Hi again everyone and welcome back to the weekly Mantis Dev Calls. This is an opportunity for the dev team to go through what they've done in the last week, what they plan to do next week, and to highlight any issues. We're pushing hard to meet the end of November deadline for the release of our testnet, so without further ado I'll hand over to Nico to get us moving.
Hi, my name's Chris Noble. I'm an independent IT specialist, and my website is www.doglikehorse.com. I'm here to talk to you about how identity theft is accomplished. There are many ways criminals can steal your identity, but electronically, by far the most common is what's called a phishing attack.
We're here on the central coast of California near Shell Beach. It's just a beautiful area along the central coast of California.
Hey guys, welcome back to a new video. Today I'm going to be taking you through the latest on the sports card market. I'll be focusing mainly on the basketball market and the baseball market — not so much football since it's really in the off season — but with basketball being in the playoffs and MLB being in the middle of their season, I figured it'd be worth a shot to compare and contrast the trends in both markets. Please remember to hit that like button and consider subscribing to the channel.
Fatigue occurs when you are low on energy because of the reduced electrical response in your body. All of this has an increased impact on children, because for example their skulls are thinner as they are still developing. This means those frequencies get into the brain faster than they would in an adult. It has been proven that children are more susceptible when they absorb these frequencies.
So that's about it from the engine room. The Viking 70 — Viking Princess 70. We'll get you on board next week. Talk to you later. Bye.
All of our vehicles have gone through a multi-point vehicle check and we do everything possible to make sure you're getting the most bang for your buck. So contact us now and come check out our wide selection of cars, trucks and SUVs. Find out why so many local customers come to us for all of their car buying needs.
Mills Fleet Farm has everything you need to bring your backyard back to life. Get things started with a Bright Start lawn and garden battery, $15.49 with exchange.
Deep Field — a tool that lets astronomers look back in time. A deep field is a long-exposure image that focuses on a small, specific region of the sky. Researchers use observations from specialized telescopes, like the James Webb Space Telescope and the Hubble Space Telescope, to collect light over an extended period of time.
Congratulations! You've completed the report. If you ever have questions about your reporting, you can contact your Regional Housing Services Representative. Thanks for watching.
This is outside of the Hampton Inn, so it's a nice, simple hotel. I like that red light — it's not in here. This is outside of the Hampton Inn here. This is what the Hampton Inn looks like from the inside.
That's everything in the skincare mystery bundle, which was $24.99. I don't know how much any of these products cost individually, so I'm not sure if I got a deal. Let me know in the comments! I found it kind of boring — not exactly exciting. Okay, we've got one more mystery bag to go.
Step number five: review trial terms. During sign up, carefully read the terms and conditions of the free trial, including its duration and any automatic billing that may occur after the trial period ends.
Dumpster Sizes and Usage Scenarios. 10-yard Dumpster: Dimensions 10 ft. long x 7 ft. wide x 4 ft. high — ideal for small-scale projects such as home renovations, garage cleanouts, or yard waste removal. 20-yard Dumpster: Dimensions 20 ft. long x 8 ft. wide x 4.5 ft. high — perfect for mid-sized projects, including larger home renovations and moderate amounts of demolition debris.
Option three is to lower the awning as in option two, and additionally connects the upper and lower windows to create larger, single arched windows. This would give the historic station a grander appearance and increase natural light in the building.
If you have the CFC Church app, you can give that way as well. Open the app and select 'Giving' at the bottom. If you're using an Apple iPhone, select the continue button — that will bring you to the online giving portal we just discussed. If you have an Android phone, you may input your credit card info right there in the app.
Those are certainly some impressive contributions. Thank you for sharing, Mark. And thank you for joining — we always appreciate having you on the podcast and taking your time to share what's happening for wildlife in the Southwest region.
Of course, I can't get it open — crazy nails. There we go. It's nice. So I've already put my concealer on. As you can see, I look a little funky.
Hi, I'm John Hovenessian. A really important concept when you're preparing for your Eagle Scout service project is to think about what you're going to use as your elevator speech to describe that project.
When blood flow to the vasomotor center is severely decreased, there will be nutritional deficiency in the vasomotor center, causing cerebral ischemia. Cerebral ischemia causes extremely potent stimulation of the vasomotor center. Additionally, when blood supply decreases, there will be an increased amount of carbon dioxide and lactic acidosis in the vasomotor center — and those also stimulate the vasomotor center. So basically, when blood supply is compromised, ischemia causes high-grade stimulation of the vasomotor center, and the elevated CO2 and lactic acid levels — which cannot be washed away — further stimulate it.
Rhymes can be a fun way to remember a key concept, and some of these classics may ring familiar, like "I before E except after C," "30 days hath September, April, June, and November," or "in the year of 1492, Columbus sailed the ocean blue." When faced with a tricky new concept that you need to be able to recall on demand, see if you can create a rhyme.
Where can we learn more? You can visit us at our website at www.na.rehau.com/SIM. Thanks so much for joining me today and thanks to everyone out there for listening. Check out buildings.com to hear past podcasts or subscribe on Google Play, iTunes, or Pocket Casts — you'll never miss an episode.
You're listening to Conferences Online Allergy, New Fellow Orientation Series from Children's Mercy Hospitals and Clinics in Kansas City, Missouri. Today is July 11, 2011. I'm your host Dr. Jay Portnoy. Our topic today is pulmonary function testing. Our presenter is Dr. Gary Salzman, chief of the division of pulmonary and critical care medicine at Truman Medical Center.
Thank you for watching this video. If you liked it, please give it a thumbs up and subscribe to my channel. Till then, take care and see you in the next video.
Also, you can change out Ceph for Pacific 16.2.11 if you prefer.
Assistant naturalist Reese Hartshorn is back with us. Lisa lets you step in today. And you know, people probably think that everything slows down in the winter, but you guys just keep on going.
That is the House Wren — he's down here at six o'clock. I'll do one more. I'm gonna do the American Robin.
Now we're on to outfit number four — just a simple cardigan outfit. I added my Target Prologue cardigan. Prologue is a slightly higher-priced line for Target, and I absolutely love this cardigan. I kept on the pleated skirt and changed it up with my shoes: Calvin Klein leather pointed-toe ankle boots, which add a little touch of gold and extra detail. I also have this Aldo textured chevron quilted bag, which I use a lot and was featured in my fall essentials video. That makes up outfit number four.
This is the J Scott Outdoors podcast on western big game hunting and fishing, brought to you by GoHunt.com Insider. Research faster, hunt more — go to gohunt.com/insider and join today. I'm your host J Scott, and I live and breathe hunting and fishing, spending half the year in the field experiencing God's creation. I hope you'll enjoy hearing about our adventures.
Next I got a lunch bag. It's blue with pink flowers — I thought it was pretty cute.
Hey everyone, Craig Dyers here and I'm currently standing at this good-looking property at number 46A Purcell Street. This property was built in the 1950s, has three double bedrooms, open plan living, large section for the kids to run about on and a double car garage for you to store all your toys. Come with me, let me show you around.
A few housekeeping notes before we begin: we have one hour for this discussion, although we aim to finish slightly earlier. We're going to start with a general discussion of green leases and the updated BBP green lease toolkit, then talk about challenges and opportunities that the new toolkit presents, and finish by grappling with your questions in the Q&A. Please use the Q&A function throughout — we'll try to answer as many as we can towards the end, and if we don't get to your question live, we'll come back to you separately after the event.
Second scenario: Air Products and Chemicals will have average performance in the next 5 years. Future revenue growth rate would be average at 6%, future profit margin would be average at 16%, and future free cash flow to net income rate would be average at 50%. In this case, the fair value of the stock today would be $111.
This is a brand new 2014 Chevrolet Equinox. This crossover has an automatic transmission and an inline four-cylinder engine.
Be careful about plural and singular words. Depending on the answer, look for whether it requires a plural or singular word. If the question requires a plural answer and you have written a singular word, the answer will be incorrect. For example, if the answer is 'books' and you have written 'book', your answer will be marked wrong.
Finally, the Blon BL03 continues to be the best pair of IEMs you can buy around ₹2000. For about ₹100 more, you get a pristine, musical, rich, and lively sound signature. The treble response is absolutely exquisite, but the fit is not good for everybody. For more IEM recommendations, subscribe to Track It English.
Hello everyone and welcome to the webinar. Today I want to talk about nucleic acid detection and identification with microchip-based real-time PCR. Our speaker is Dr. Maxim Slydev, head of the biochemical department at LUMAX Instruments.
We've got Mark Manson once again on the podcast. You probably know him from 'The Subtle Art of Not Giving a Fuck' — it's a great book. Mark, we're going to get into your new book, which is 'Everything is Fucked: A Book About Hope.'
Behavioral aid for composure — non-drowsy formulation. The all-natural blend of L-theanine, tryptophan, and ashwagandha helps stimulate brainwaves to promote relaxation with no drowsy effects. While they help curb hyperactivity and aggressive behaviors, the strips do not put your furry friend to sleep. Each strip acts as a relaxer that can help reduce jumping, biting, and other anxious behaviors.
+---+
• **Problem to solve**
Search the records above for "November" and copy every line that has it.

• **The answer**
Hi again everyone and welcome back to the weekly Mantis Dev Calls. This is an opportunity for the dev team to go through what they've done in the last week, what they plan to do next week, and to highlight any issues. We're pushing hard to meet the end of November deadline for the release of our testnet, so without further ado I'll hand over to Nico to get us moving.
Rhymes can be a fun way to remember a key concept, and some of these classics may ring familiar, like "I before E except after C," "30 days hath September, April, June, and November," or "in the year of 1492, Columbus sailed the ocean blue." When faced with a tricky new concept that you need to be able to recall on demand, see if you can create a rhyme.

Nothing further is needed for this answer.